[ASSIGNMENT]
What is needed is an exact copy of the whole listing below, with no pictures.

[COLLECTED MATERIAL]
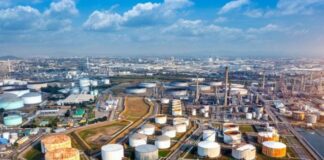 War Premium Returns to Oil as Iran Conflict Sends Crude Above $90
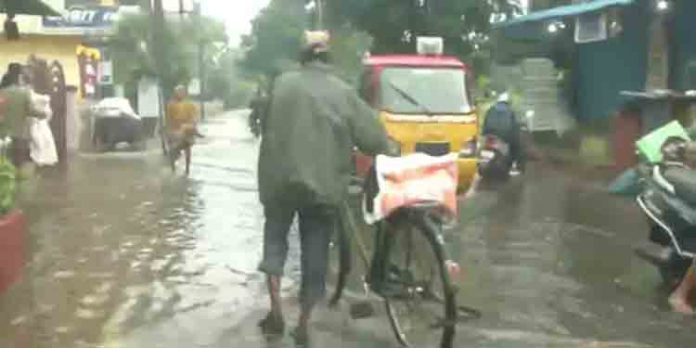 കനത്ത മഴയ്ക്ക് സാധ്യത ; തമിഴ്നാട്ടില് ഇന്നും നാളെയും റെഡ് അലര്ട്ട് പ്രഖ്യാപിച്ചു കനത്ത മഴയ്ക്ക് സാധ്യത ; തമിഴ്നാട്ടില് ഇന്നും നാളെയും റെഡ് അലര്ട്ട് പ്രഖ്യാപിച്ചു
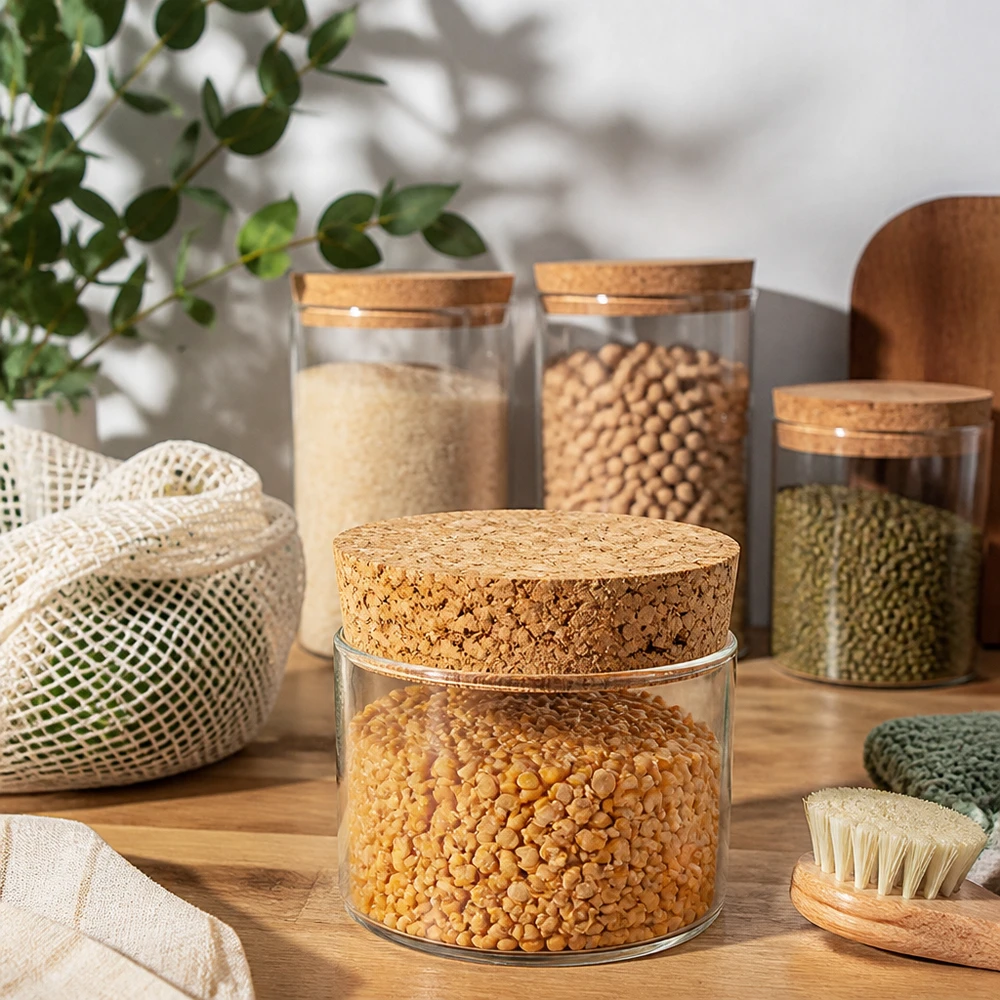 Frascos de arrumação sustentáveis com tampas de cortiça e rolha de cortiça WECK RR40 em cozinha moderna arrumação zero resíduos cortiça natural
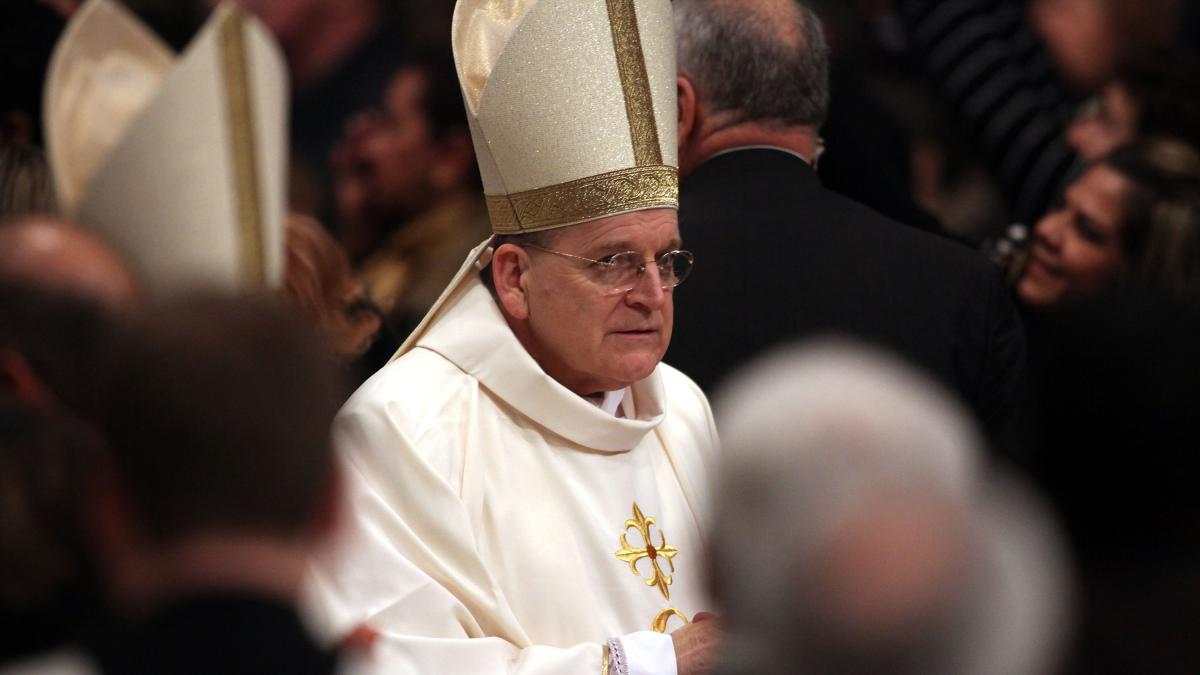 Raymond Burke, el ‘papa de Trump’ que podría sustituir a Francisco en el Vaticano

[SOLUTION]
 War Premium Returns to Oil as Iran Conflict Sends Crude Above $90
 കനത്ത മഴയ്ക്ക് സാധ്യത ; തമിഴ്നാട്ടില് ഇന്നും നാളെയും റെഡ് അലര്ട്ട് പ്രഖ്യാപിച്ചു കനത്ത മഴയ്ക്ക് സാധ്യത ; തമിഴ്നാട്ടില് ഇന്നും നാളെയും റെഡ് അലര്ട്ട് പ്രഖ്യാപിച്ചു
 Frascos de arrumação sustentáveis com tampas de cortiça e rolha de cortiça WECK RR40 em cozinha moderna arrumação zero resíduos cortiça natural
 Raymond Burke, el ‘papa de Trump’ que podría sustituir a Francisco en el Vaticano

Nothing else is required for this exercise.